What about real-life, childhood dreams? 

I always wanted to be in the air force here in the US, an air force pilot and fly those fighter jets. My dad was a pilot for Aloha airlines, my Uncle was in the navy and I totally looked up my Dad and my Uncle. Later, I got terrified of flying. I still hate it.

Ultimate sense of happiness? 

Sitting on the couch on Sunday watching football.

When you lie in bed, late at night into dark, what do you think about? 

That I wish I was playing in the NFL. That’s my ultimate dream. I always think about it.

What’s your biggest fear? 

Flying is my biggest fear, for sure.

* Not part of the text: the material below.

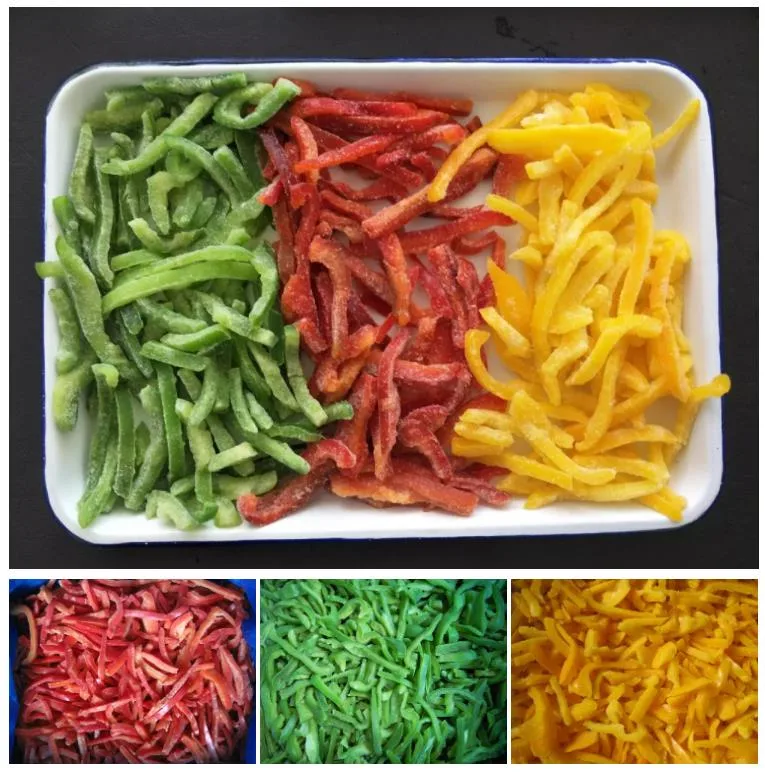 Frozen Pepper Frozen Frozen Vegetables Mixed Bell Pepper Garde a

I remember this one flight on the way to California when I was younger and we hit turbulence and I was, like, what…is…going…on? Ever since then I’ve been scared of flying. Turbulence is the worst thing in the world. But I’ve come to peace with it. If a plane goes down it’s God’s way of saying it’s my time. But it’d be a bummer to die in a plane crash. I’ve always thought of bringing a parachute on an airplane. Like, it starts going down and I open the door and say, “Peace! I’m out!”

Do you think about fate? 

I know you can control your own fate but there are things that are just out of your hands. There are certain things you can’t control.

What do you like about your body? 

My teeth are straight.

What do you dislike about your body? 

I wish my knee was better.

Have you ever felt love? 

Yeah, my parents love me. I’ve never had a girlfriend or nothing. I dunno why. I haven’t found the right one.

What’s the worst insult you’ve ever received?

Being told my hair is reddish-blond from you.

What one person do you hate most in the world? 

Osama Bin Laden. Hitler.

Have you ever felt  truly hated by someone? 

I’m sure there is. But I don’t know ’em. To them I say, I’m sorry! Whatever it is I’ve done!